In präklinischen Studien an Tiermodellen wurden additive Wirkungen im Sinne einer systemischen Blutdrucksenkung beobachtet, wenn Riociguat mit Sildenafil oder Vardenafil kombiniert wurde. Unter höheren Dosen traten in manchen Fällen überadditive Effekte auf den systemischen Blutdruck auf.

Die gleichzeitige Verabreichung von Adempas mit spezifischen (z.B. Sildenafil, Tadalafil, Vardenafil) Phosphodiesterase-5-Inhibitoren und nicht spezifischen (z.B. Dipyridamol, Theophyllin) Phosphodiesterase-Inhibitoren ist kontraindiziert (siehe «Kontraindikationen»).

Warfarin/Phenprocoumon

Die gleichzeitige Anwendung von Adempas und Warfarin (in der Schweiz nicht zugelassen) hatte keinen Einfluss auf die durch den Gerinnungshemmer induzierte Prothrombinzeit. Auch bei Kombination von Adempas mit anderen Cumarin-Derivaten (z.B. Phenprocoumon) ist keine Veränderung der Prothrombinzeit zu erwarten.
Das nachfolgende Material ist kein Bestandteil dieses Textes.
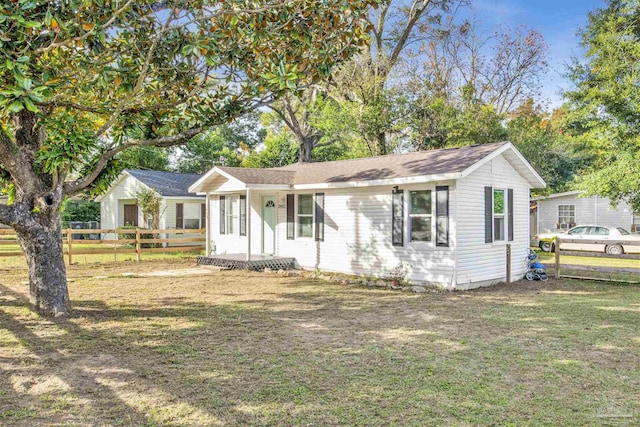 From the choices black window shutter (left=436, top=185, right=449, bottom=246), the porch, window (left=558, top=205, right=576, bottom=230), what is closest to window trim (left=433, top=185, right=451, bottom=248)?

In vivo wurde nachgewiesen, dass es zwischen Riociguat und dem CYP2C9-Substrat Warfarin zu keinen gegenseitigen pharmakokinetischen Wechselwirkungen kommt.

Bei der Anwendung der Antikoagulanzien zusammen mit Adempas besteht eine erhöhte Wahrscheinlichkeit für Blutungen (siehe «Warnhinweise und Vorsichtsmassnahmen»).

Acetylsalicylsäure

In den präklinischen Daten wurden in vitro eine Hemmung der Thrombozytenaggregation und in vivo eine Verlängerung der Blutungszeit beobachtet (siehe «Präklinische Daten»). In einer pharmakodynamischen Interaktionsstudie hatte Adempas beim Menschen weder eine verlängernde Wirkung auf die Blutungszeit unter Acetylsalicylsäure noch Auswirkungen auf die Thrombozytenaggregation.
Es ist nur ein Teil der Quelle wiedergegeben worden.